Directed by the playwright, Plenty premiered in the Lyttelton Theatre on London's South Bank on 7 April 1978, featuring Kate Nelligan as Susan, the protagonist, and Stephen Moore as Raymond.
[5] In 1985, Hare's film adaptation was directed by Fred Schepisi, with Meryl Streep as Susan, and Charles Dance, Tracey Ullman, John Gielgud, Sting, Ian McKellen, and Sam Neill in supporting roles.
[6] From 3 to 26 February 2011 the play was revived at the Crucible Theatre as part of a David Hare season (alongside Racing Demon and The Breath of Life), featuring Hattie Morahan, Edward Bennett and Bruce Alexander.

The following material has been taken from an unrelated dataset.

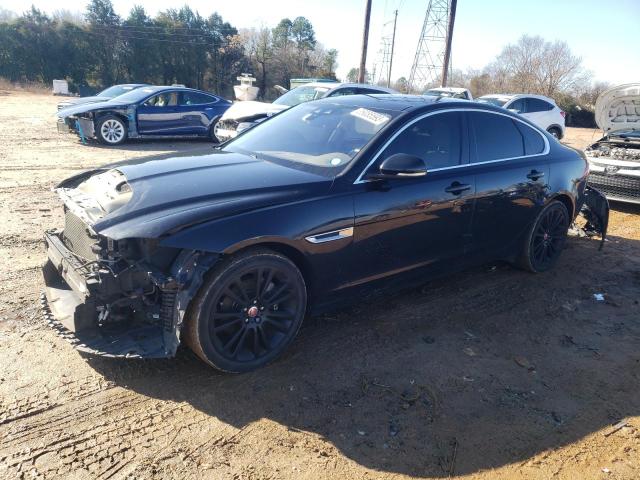 Jaguar Xf prestig (2017)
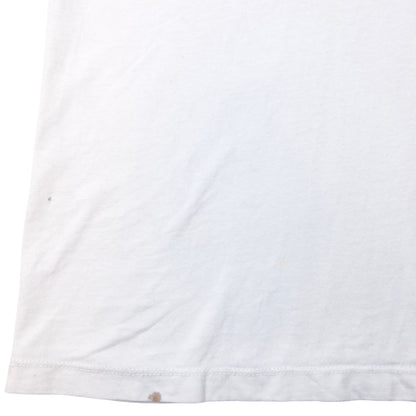 Vintage Nature Can't Be Restocked Zebra Barcode Graphic T Shirt Size XXL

Susan Traherne, a former secret agent, is a woman conflicted by the contrast between her past, exciting triumphs and her present, more ordinary life.
Viewing society as morally bankrupt, Susan has become self-absorbed, bored, and destructive — the slow deterioration in her mental health mirrors the crises in the ruling class of post-war Britain.
Colin Ludlow, writing in London Magazine later that year, found that his fellow critics had failed to understand Plenty through "pure laziness" and because they were offered no easy solutions to the social problems presented on stage.